Il s’agit d’une pêche miraculeuse, signe de la puissance de la parole de Jésus : quand nous nous mettons avec générosité à son service, Il accomplit en nous de grandes choses. Il agit ainsi avec chacun de nous : il nous demande de l’accueillir sur la barque de notre vie, pour repartir avec Lui et sillonner une mer nouvelle, qui se révèle chargée de surprises. Son invitation à sortir dans la haute mer de l’humanité de notre temps, pour être témoins de bonté et de miséricorde, donne un sens nouveau à notre existence, qui risque souvent de s’aplatir sur elle-même.

Le plus grand miracle accompli par Jésus pour Simon et les autres pêcheurs déçus et fatigués, n’est pas tant le filet rempli de poissons, que le fait de les avoir aidés à ne pas devenir victimes de la déception et du découragement face aux échecs. Il les a ouverts à devenir des annonciateurs et des témoins de sa parole et du règne de Dieu. Et la réponse des disciples a été prompte et totale : « Et ramenant les barques à terre, laissant tout, ils le suivirent » (Lc 5, 11). Que la Sainte Vierge, modèle de prompte adhésion à la volonté de Dieu, nous aide à sentir la fascination de l’appel du Seigneur, et nous rende disponibles à collaborer avec Lui pour diffuser partout sa parole de salut.
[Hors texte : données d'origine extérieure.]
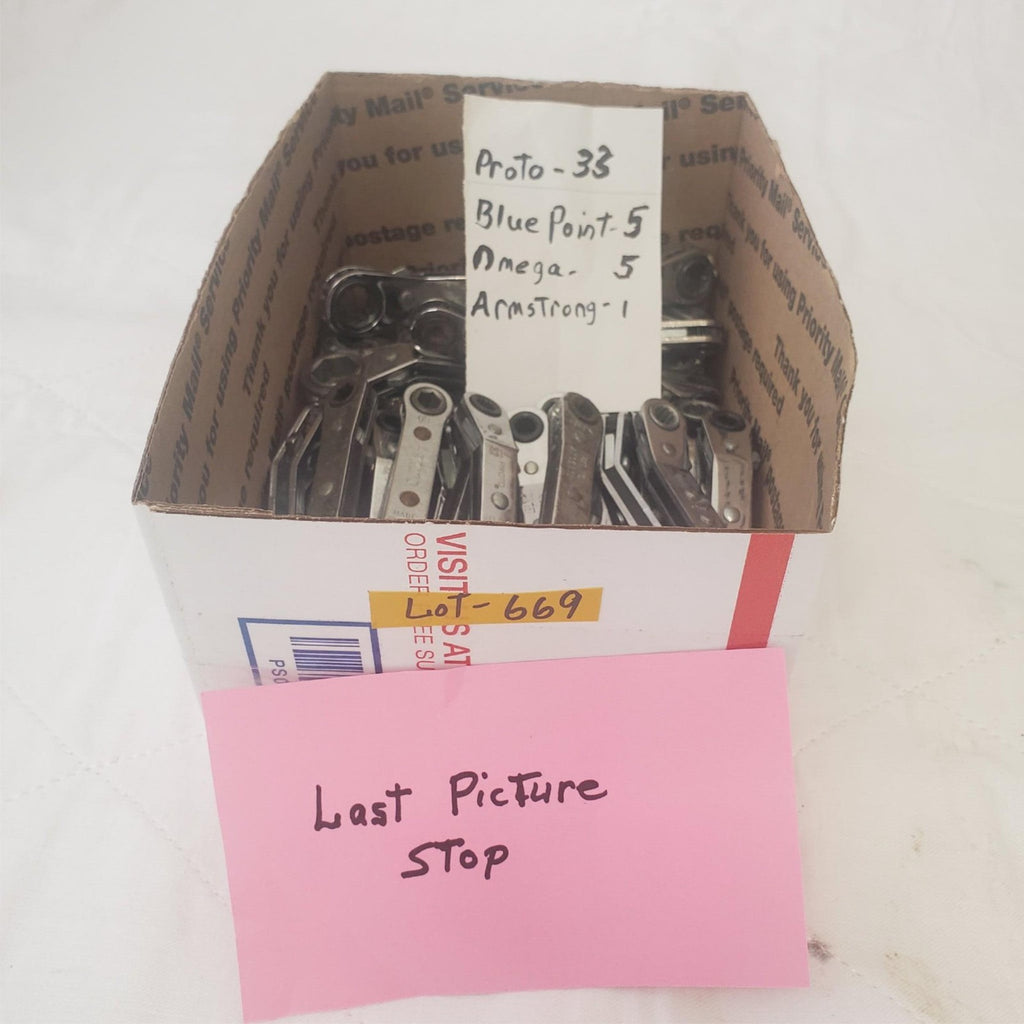 Lot of 44 Assorted Proto,Blue-Point Ratcheting Offset Box End Wrenches LOT-669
Benoît XVI, Messe inaugurale du pontificat du Pape Benoît XVI, Place Saint-Pierre, Dimanche 24 avril 2005 :

Et Simon donna cette réponse admirable : Maître, sur ton ordre, je vais jeter les filets ! Et voici la confirmation de la mission : « Sois sans crainte, désormais ce sont des hommes que tu prendras » (Lc 5,1-11). Aujourd’hui encore, l’Église et les successeurs des Apôtres sont invités à prendre le large sur l’océan de l’histoire et à jeter les filets, pour conquérir les hommes au Christ – à Dieu, au Christ, à la vraie vie. Les Pères ont aussi dédié un commentaire très particulier à cette tâche singulière. Ils disent ceci : pour le poisson, créé pour l’eau, être sorti de l’eau entraîne la mort. Mais dans la mission du pêcheur d’hommes, c’est le contraire qui survient. Nous, les hommes, nous vivons aliénés, dans les eaux salées de la souffrance et de la mort ; dans un océan d’obscurité, sans lumière. Le filet de l’Évangile nous tire hors des eaux de la mort et nous introduit dans la splendeur de la lumière de Dieu, dans la vraie vie. Il en va ainsi – dans la mission de pêcheur d’hommes, à la suite du Christ, il faut tirer les hommes hors de l’océan salé de toutes les aliénations vers la terre de la vie, vers la lumière de Dieu. Il en va ainsi : nous existons pour montrer Dieu aux hommes. Seulement là où on voit Dieu commence véritablement la vie. Seulement lorsque nous rencontrons dans le Christ le Dieu vivant, nous connaissons ce qu’est la vie.